Желание — страница 95 из 133

– Мы же во всем этом вместе, не так ли? – говорю я. – Что бы ни произошло, мы непременно найдем кузнеца и выберемся из этой тюрьмы. Я клянусь, что так и будет.

Я поворачиваюсь к Реми.

– Ты же видишь будущее, так скажи мне, что ты видишь? Сам ты воспользуешься цветком, чтобы выбраться отсюда, но что же делать нам, остальным?

– Я не знаю, – признается он.

– Как это не знаешь? Что ты хочешь этим сказать? – спрашивает Флинт.

Его зеленые глаза словно вихрятся, странно и пугающе, но затем он качает головой, и они снова приходят в норму.

– Я хочу сказать, что знаю одно – я воспользуюсь цветком. Так что либо ты дашь его мне, либо я убью тебя и заберу его, либо вы найдете другой путь из этой тюрьмы.

– Что-то у тебя чертовски много этих самых «либо», – рычит Хадсон, и у него опять делается такой вид, будто он готов разорвать Реми на куски.

– Я не могу видеть будущее, если оно еще не определено, – отвечает Реми. – А сейчас то, что случится с вами, висит в воздухе.

Глава 116. Цена страха

– У тебя только хорошие новости, как я погляжу, да? – спрашивает Флинт, плюхнувшись на свою койку.

– Я не обязан помогать вам чувствовать себя лучше относительно ваших решений, – говорит Реми, и, хотя в его речи по-прежнему звучит заметный новоорлеанский акцент, в ней также слышится раздражение, которого не было прежде.

– Да, ну что ж, я, пожалуй, немного посплю. Разбудите меня, когда нам надо будет заниматься вопросом попадания в Каземат. – Флинт закрывает глаза, и пару минут спустя его дыхание делается ровным.

– Да, это было бы хорошо, – чуть слышно бормочет Хадсон, и я думаю о том же. Конечно, Флинт весь на нервах из-за мыслей о том, что обрушит на него Каземат, но, по-видимому, он преодолел свой страх. Что хорошо, но я не могу с такой же легкостью справиться со своим. Мысль о том, что мне придется видеть смерть Зевьера снова и снова… я борюсь с желанием нырнуть под одеяло и больше из-под него не вылезать.

– Хорошо, думаю, мы вступим в игру, – говорит Реми, затем нажимает на большую кнопку, находящуюся рядом с механизмом убирания его койки.

– До вращения остается три часа, – говорит Колдер, тоже вытянувшись на своей койке.

– Откуда ты это знаешь? – спрашивает Хадсон.

Она показывает на несколько маленьких точек на стене за наклонным стволом. Три из них светятся бледным флуоресцентным светом.

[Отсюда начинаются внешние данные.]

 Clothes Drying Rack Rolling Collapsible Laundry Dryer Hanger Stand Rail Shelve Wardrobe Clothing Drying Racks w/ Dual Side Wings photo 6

– Ты уверена, что хочешь это сделать? – спрашиваю ее я.

Она пожимает плечами.

– Вы не выберетесь отсюда, если отсюда не выйдем и мы, так что…

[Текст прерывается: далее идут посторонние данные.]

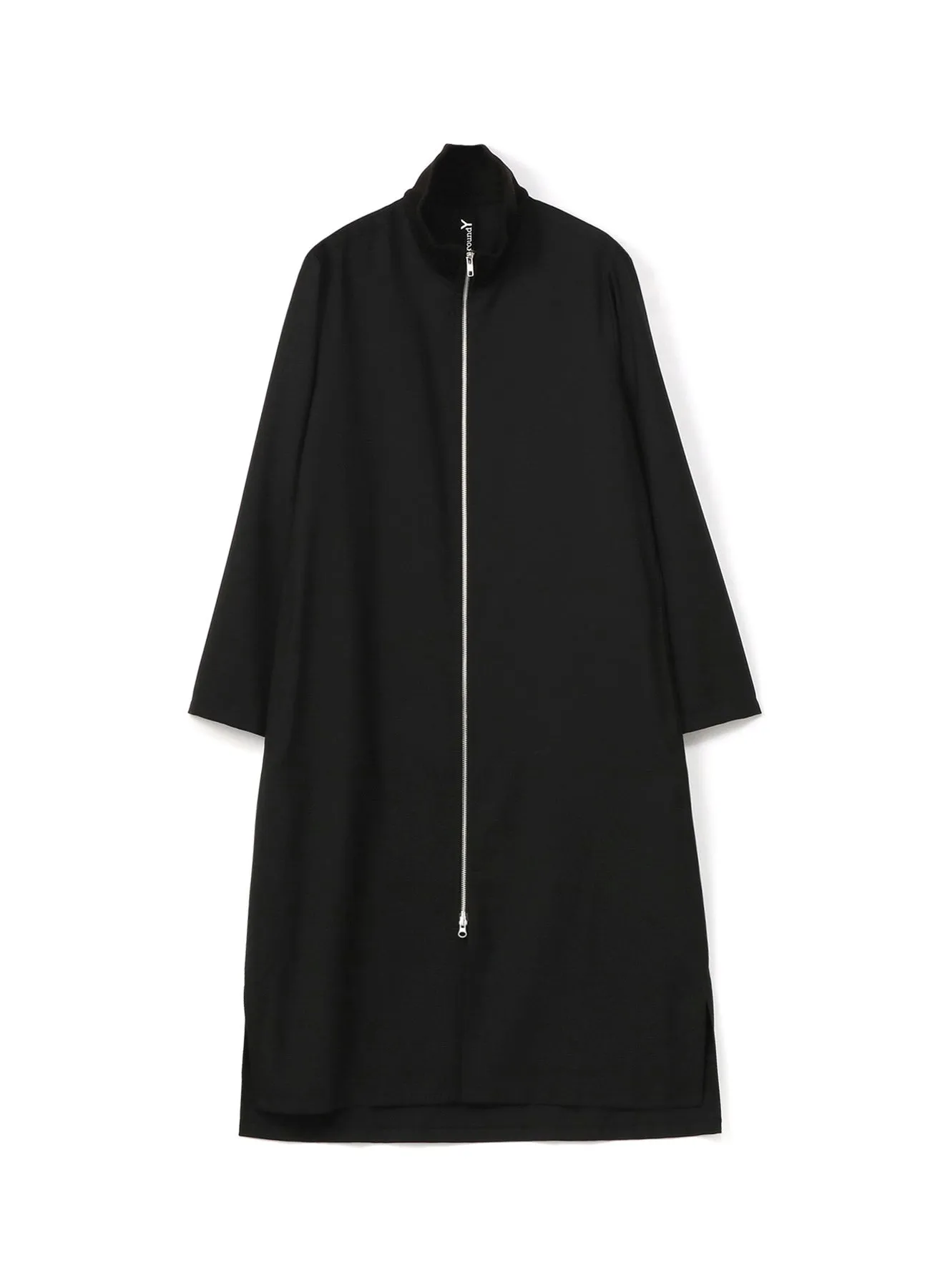 WOOL/POLYESTER GABARDINE ZIP-UP STANDING COLLAR LONG SHIRT sold by Yohji Yamamoto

– Да, но мне кажется, по отношению к вам это несправедливо, – говорю я, поскольку сейчас до меня действительно доходит, чему мы подвергнем Реми и Колдер.

Она неопределенно хмыкает.

– В этом месте нет ничего справедливого, Грейс. И чем скорее вы это поймете, тем скорее сможете принять свое пребывание здесь. – Она пожимает плечами. – К тому же мне хочется выбраться отсюда не меньше, чем вам. И ради этого я готова на все. Прикончить Сайруса, когда мы окажемся на свободе, – это будет всего лишь вишенка на торте.

Пожалуй, это самые разумные речи, которые я слышала от нее до сих пор, что только усиливает мою тревогу относительно того, что нас ждет. Если Каземат способен сделать такое с Колдер…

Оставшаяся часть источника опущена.